“Sotto la sua croce con il filo della cura”, venerdi’ all’hospice. L’iniziativa della via Crucis del malato con i testi di San Giuseppe Moscati

Ragusa –  “Sotto la sua croce con il filo della cura”. E’ il titolo dell’iniziativa in programma venerdì 25 marzo, a partire dalle 11, al reparto hospice dell’ospedale Maria Paternò Arezzo di Ragusa. Si terrà la Via crucis del malato con i testi di San Giuseppe Moscati. L’iniziativa è avviata in collaborazione tra l’hospice e l’ufficio diocesano per la Pastorale della salute. “Stiamo continuando a ripercorrere la Via della Croce di Cristo – dice il direttore della Pastorale della salute, il sacerdote Giorgio Occhipinti – in questo tempo quaresimale particolarmente segnato dalla sofferenza di tanti fratelli e sorelle. Preghiamo per tutti gli ammalati, per coloro che sono contagiati dal Covid e anche per le numerose vittime della guerra in Ucraina (rappresentata dai due colori dei gomitoli di lana nella locandina che annuncia l’iniziativa). Preghiamo per tutti i medici, gli infermieri e gli operatori sanitari impegnati nella cura e nell’assistenza agli infermi.

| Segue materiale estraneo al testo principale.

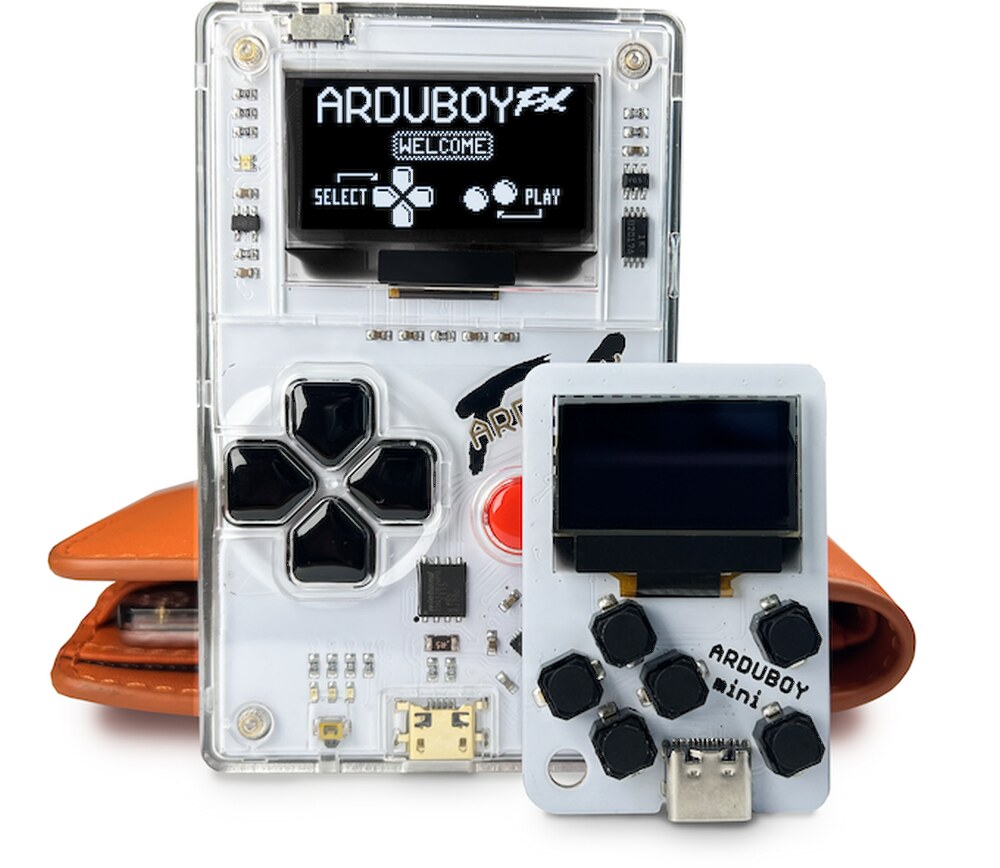 Arduboy Mini (1).jpg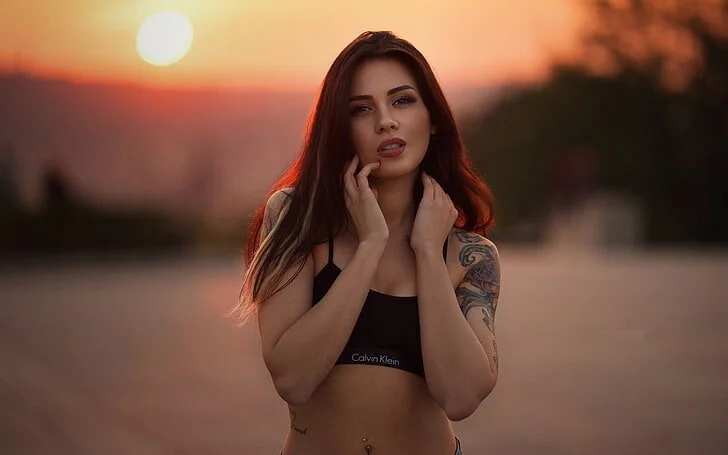 Cutiepie_maria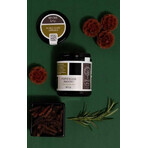 Pepe lungo di Java - 100 g Spezie di Yango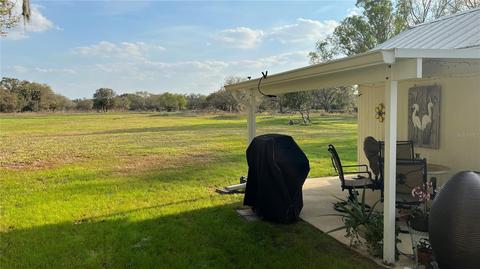 41 Palomino Path, River Ranch, FL 33867 photo 13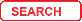 Search InspectApedia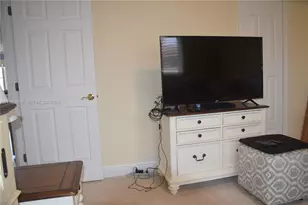 1501 E Broward Blvd, Fort Lauderdale, FL 33301 - Photo 20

La realizzazione del filo della cura

Ci lasceremo accompagnare nel cammino della Croce dalle parole di San Giuseppe Moscati. All’intercessione del santo medico napoletano affidiamo la nostra preghiera che eleviamo al Signore. Ed è proprio dal mistero della Pasqua di passione morte e resurrezione di Cristo che la sua luce irrompe nella nostra storia e nella nostra vita. Così è stato per l’esistenza terrena del santo medico Giuseppe Moscati e ora la testimonianza della sua vita continua, con la forza della piena partecipazione alla santità di Dio a inondare di luce la Chiesa, il mondo e, in un modo particolare, tutti coloro che condividono quella stessa professione che Moscati amava definire “sublime missione”. Per entrare nel dolore degli altri è necessario attraversare il proprio dolore e fare in modo che esso diventi la sorgente di un’empatia profonda. È questa l’unica via efficace attraverso la quale è possibile prendere in carico una sofferenza e alleggerirla, portarla insieme, almeno per un tratto, “compatirla” nella sua accezione etimologica ossia sentirla insieme e insieme, così, dalla stessa visuale cercare di scorgere la luce oltre la tenebra”. “La compassione – aggiunge don Occhipinti – è uno dei sentimenti centrali che deve animare la cura, il prendersi cura. Il buon samaritano, infatti, passando accanto all’uomo percosso e sofferente lasciato a terra dai briganti, “lo vide”, dunque ne fu consapevole, si accorse della sua sofferenza, fino a provarne compassione. Ogni volta che ci accostiamo a qualcuno l’avvicinarsi stesso, lo stare in prossimità, non è mai neutro, poiché nessuna relazione umana autentica può essere neutrale. Ogni incontro che sia davvero tale inevitabilmente ci modifica. In quel contatto si giocano le fragilità e la forza di entrambe le persone che entrano in relazione e che, grazie all’incontro, mutano e si spostano dalla propria prospettiva per meglio comprendere quella dell’altro. E’ questo il messaggio importante che ci sta trasmettendo dalla Giornata mondiale del malato l’iniziativa denominata “Il filo della cura” coinvolgendo molti buoni samaritani che con un piccolo ma importante gesto si prodigano per alleviare le sofferenze di tanti malati e renderli protagonisti attivi di momenti di preghiera. La Croce realizzata a mano con la lana mi commuove tantissimo e ci aiuterà a capire i veri valori della vita che si concretizzano nella solidarietà. Ringrazio tutti coloro che stanno collaborando”.